Documentation on pod termination can be found here.

Kubernetes expects pods to handle SIGTERM with a graceful shutdown. In reality, not all pods honor this expectation.

Nginx Signals: SIGTERM vs SIGQUIT

Nginx handles signals a little bit differently than Kubernetes expects. According to the Nginx documentation on signal handling, it will handle TERM and QUIT as follows:

 Nginx Signals
+-----------+--------------------+
|   signal  |      response      |
+-----------+--------------------+
| TERM, INT | fast shutdown      |
| QUIT      | graceful shutdown  |
+-----------+--------------------+

So, when Kubernetes sends a SIGTERM to the nginx-ingress-controller pod, Nginx will enact a fast shutdown. If the controller is processing any requests during this time, they will be interrupted, resulting in dropped connections. This can cause a cascade of failures, resulting in a rise in HTTP 50x responses during pod termination.

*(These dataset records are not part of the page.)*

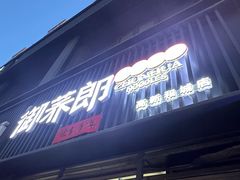 -御荞郎淳化饸饹(高山流水和城店)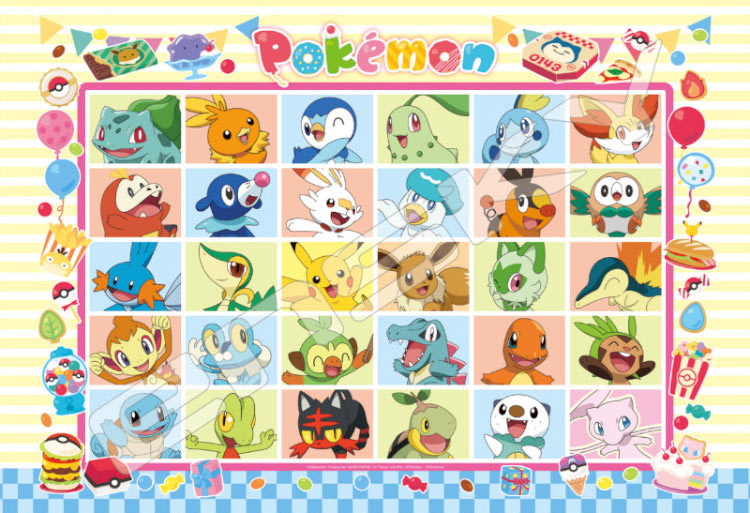 楽天市場】ポケモン パズル 300lの通販
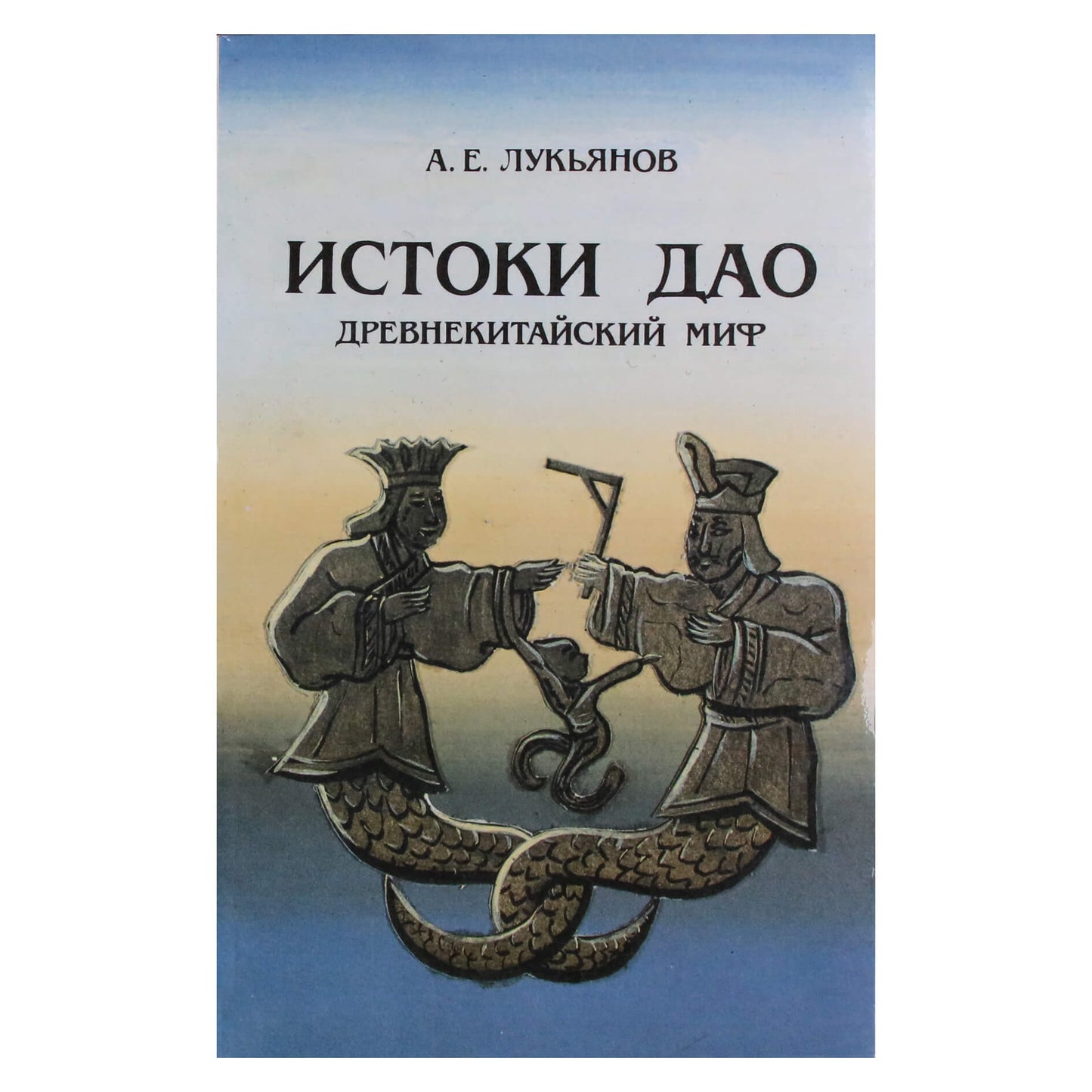 Анатолий Лукьянов "Истоки Дао"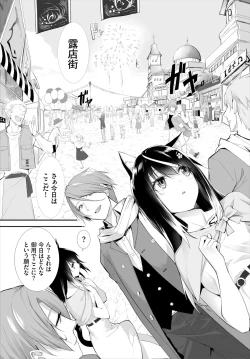 Page 263 of Orokamono wa Nekomimi Dorei ni Izon suru01-22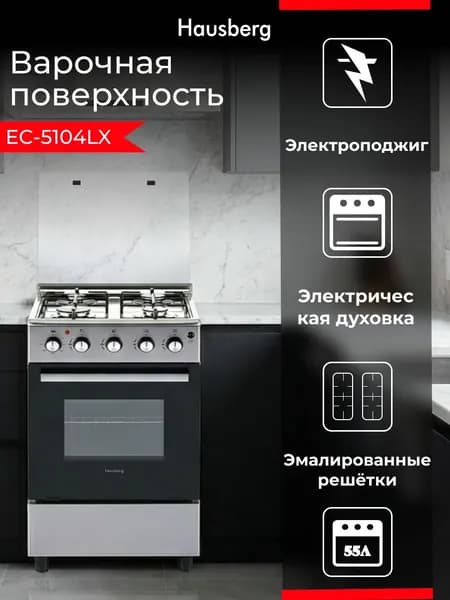 Плита комбинированная HAUSBERG EC-5104LX, газовая варочная панель + электрическая духовка, 50 см, нерж. сталь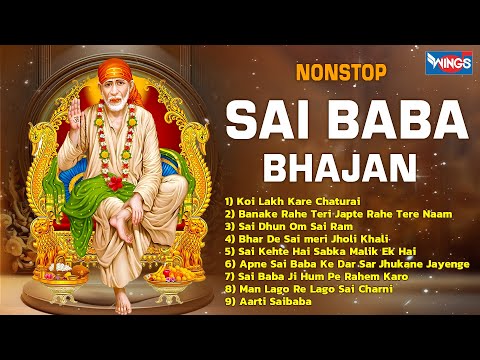 Nonstop Sai Baba Bhajan | Sai Baba Songs | Sai Baba Bhajan | Bhakti Song | नॉनस्टॉप साईं बाबा भजन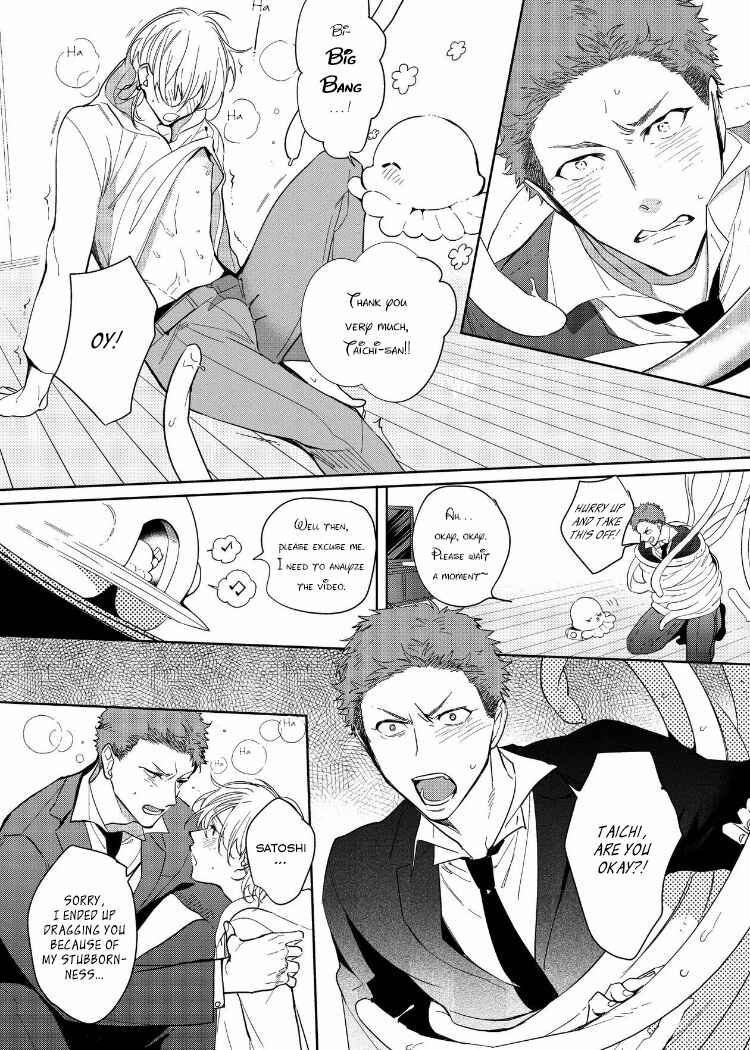 Page 15 Chapter 6 Sahara no Kuro Washi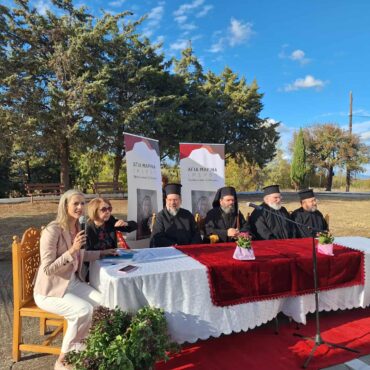 Ίμερος-Ροδόπης:-Με-επιτυχία-πραγματοποιήθηκε-η-παρουσίαση-του-βιβλίου-του-Αθανάσιου-Λιπορδέζη-με-τίτλο-“Αγία-Μαρίνα-Ιμέρου-Η-ιστορία-και-τα-θαύματά-της”-(φώτος-video)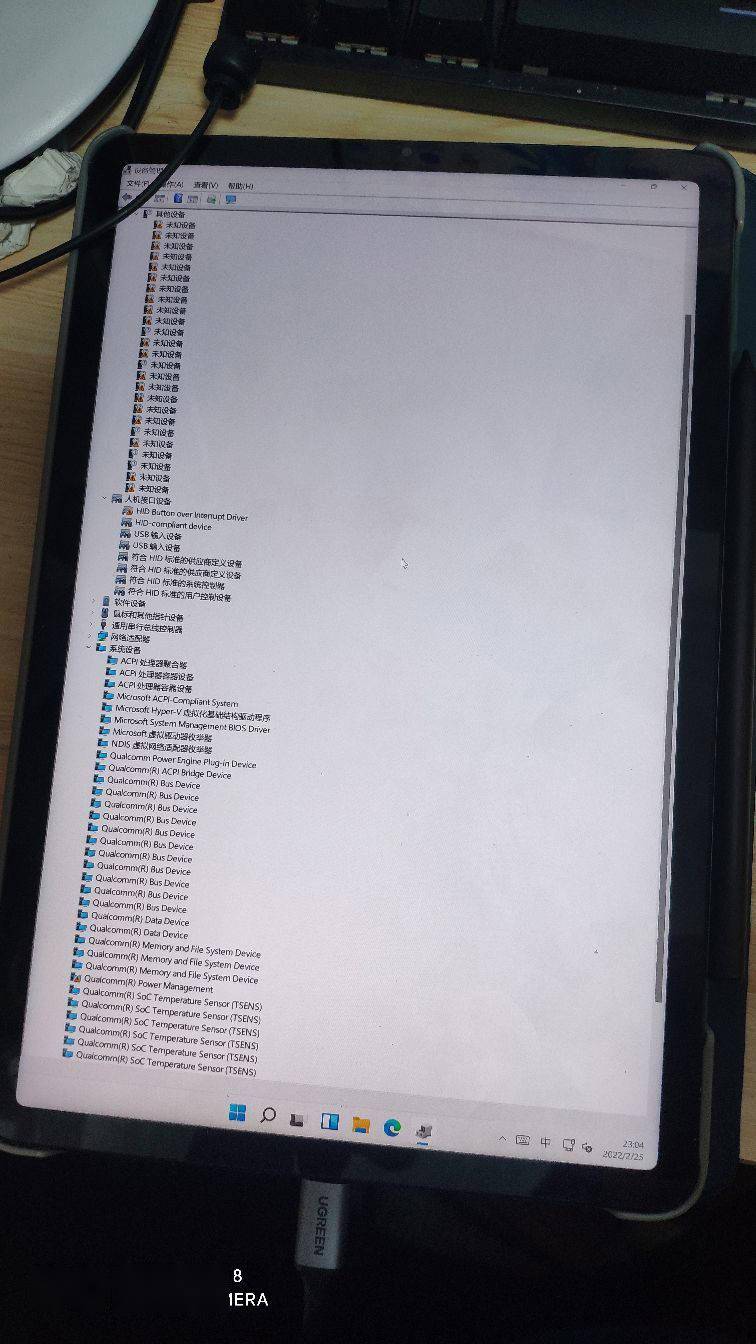小米平板5刷Win11 Arm64跑分出炉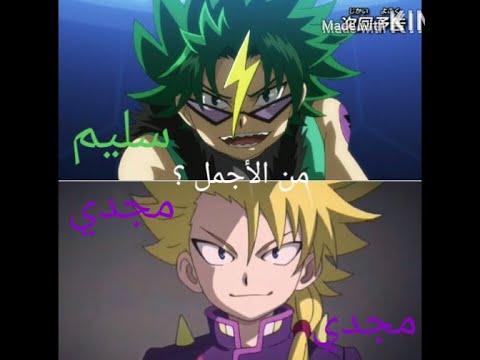 من الأجمل سليم أو مجدي بي باتل برست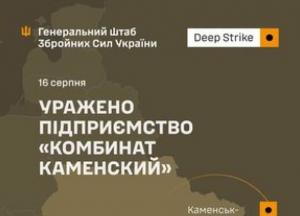 Українські Сили оборони вразили оборонні підприємства РФ, зокрема «Комбінат Каменський»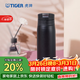 虎牌（TIGER） 保溫杯彈蓋杯不銹鋼雙層真空保溫車(chē)載杯MCX-A351350ml 磨砂黑KMT 350ml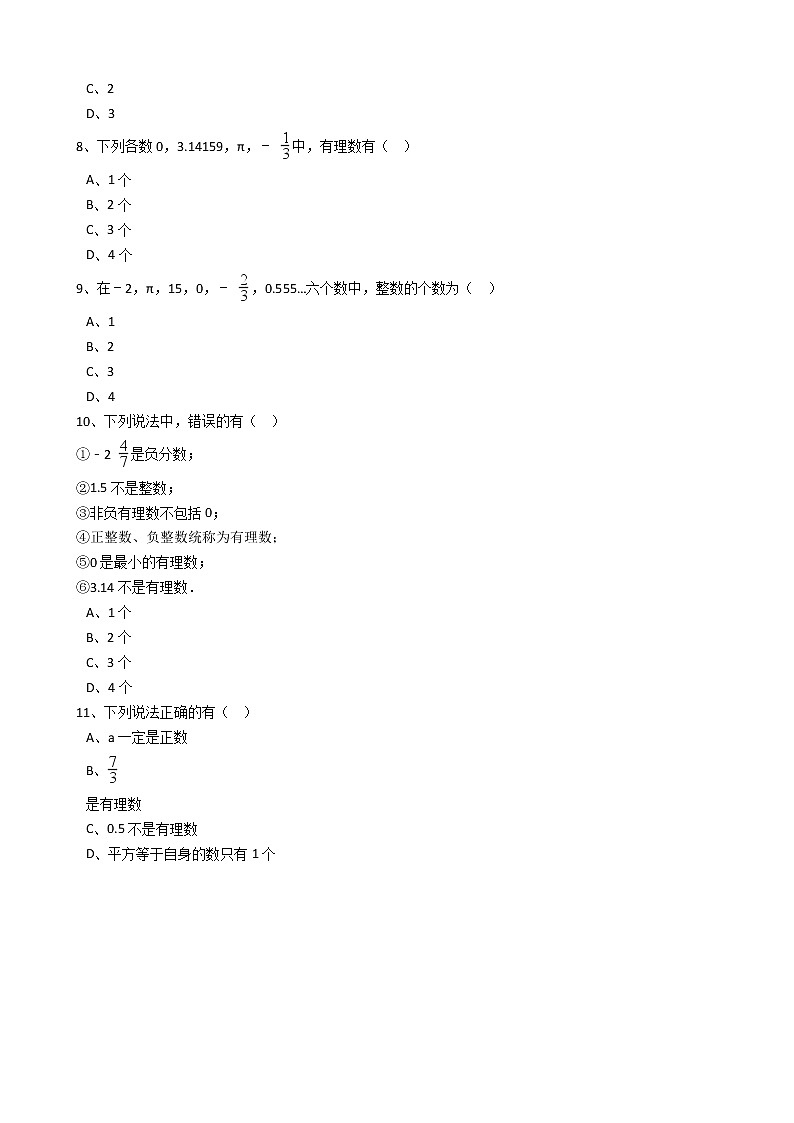 2020年人教版数学七年级上册第1章1.2.1有理数 同步练习（含答案解析）02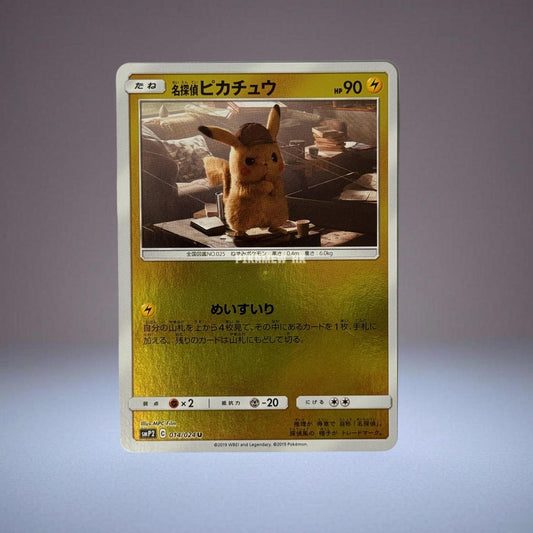 SMP2 014/024 Detective Pikachu U (Movie Special Pack "Detective Pikachu") [2]
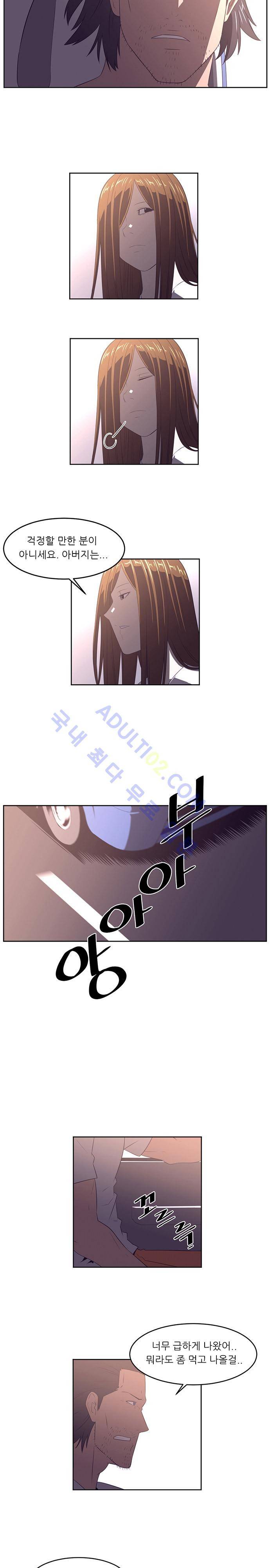 해프닝 29화 4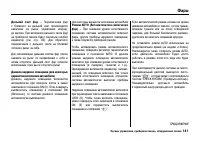 Страница 146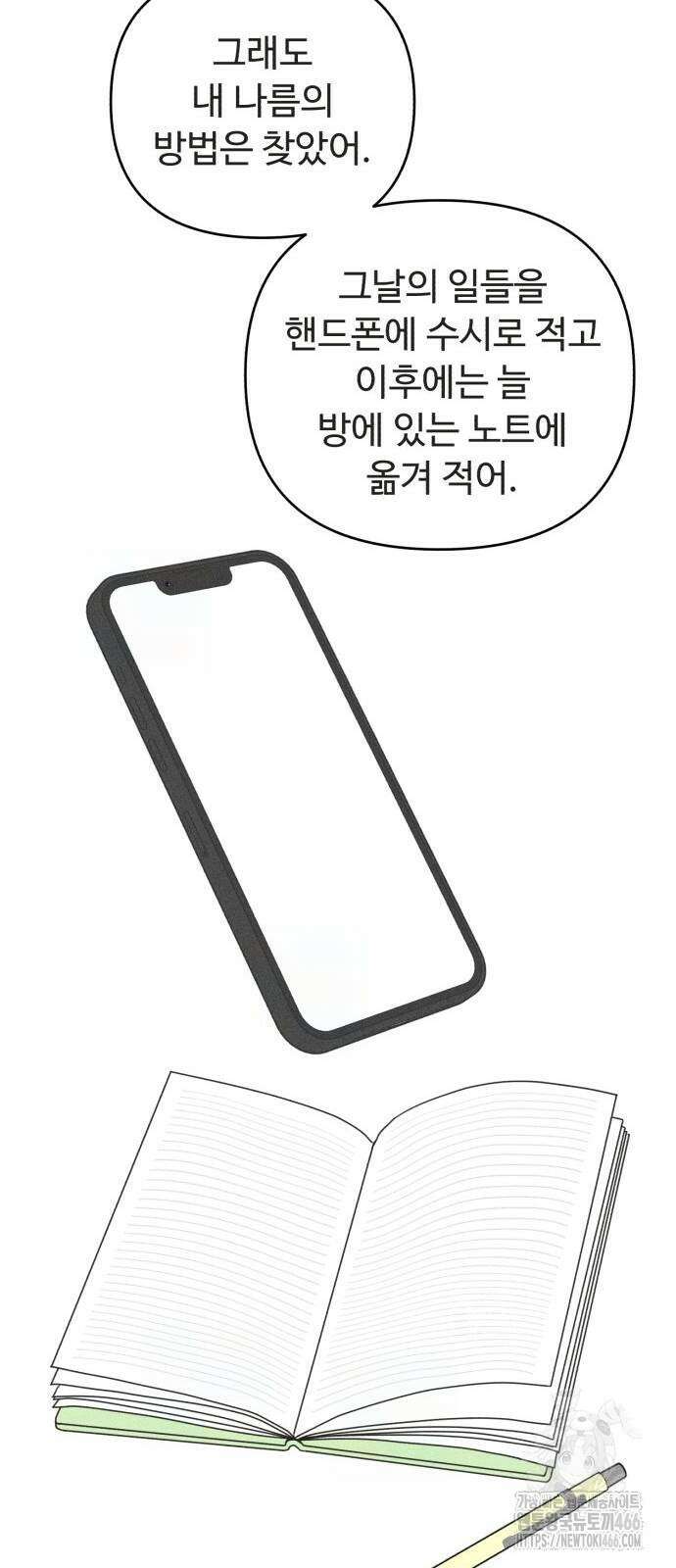 아이스크림 소년 6화 29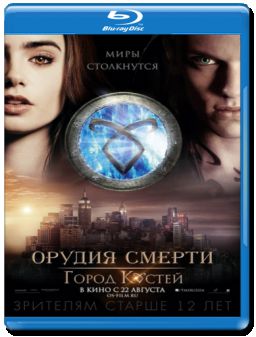 Орудия смерти: Город костей / The Mortal Instruments: City of Bones (2013)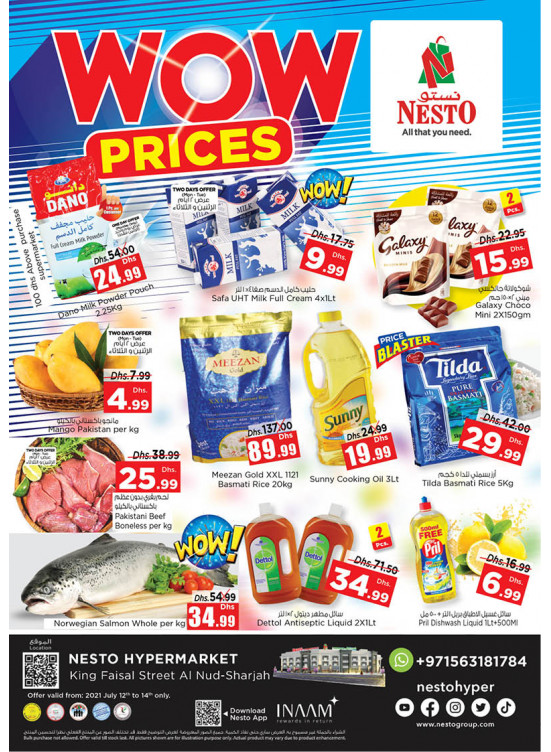Midweek Deals - Al Nud, Sharjah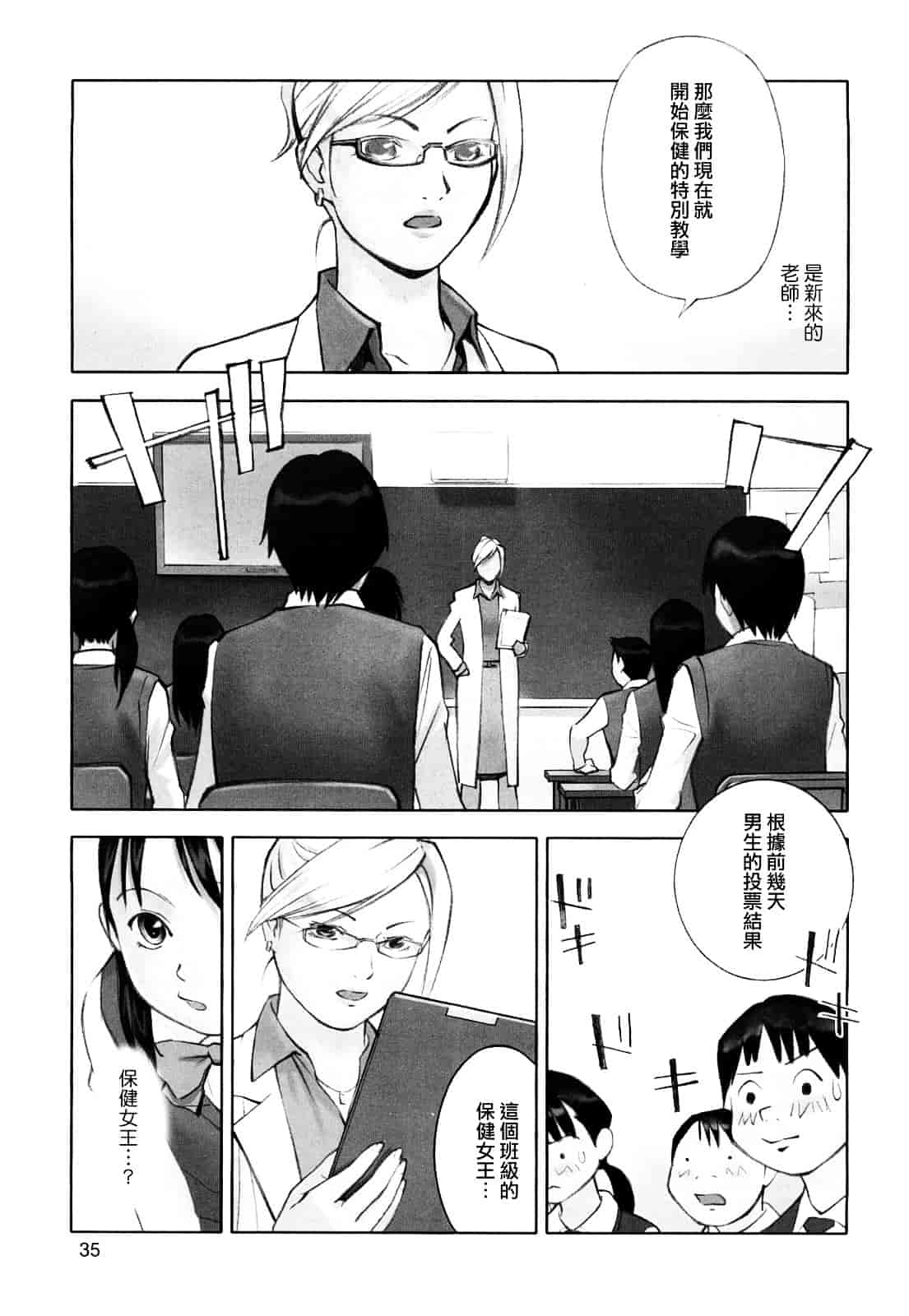 [花犬] 少女戯画_第2集
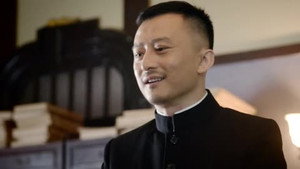 无名者 1. évad Ep.15 15. epizód
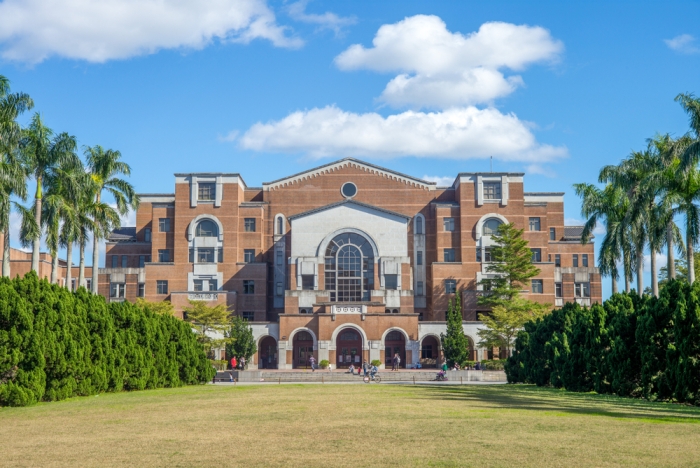 台湾大学図書館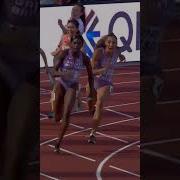 Relay Exchange Shorts Track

Instead we want to give Nginx a SIGQUIT signal, which will prompt a graceful shutdown. Nginx will wait for connections to terminate before exiting, while not accepting any new connections.

The Solution: Lifecycle PreStop Hook

Kubernetes offers a preStop lifecycle hook for a pod spec. During termination, Kubernetes will call preStop after signaling that the pod is Terminating but before sending the pod a SIGTERM signal.

The preStop hook allows the pod to call any command before the termination signal. For this case, we want to pre-emptively send Nginx the SIGQUIT signal, so that the controller will gracefully terminate connections.

More info on preStop can be found here.

How to Send Nginx SIGQUIT

The nginx-ingress-controller image,

quay.io/kubernetes-ingress-controller/nginx-ingress-controller:0.24.1

includes a command for sending Nginx termination signals.

Running the following script in this image:

/usr/local/openresty/nginx/sbin/nginx -c /etc/nginx/nginx.conf -s quit
while pgrep -x nginx; do 
  sleep 1
done

will send Nginx a SIGQUIT signal and wait for the process to terminate.

Note that this script by itself can possibly run indefinitely, if the nginx process never quits. More info on how to add a timeout to this later.

Defining the preStop hook

We can put the above script into a one-line command, and add this to the lifecycle section of a pod spec, as follows:

lifecycle:
  preStop:
    exec:
      command: ["/bin/sh", "-c", "sleep 5; /usr/local/openresty/nginx/sbin/nginx -c /etc/nginx/nginx.conf -s quit; while pgrep -x nginx; do sleep 1; done"]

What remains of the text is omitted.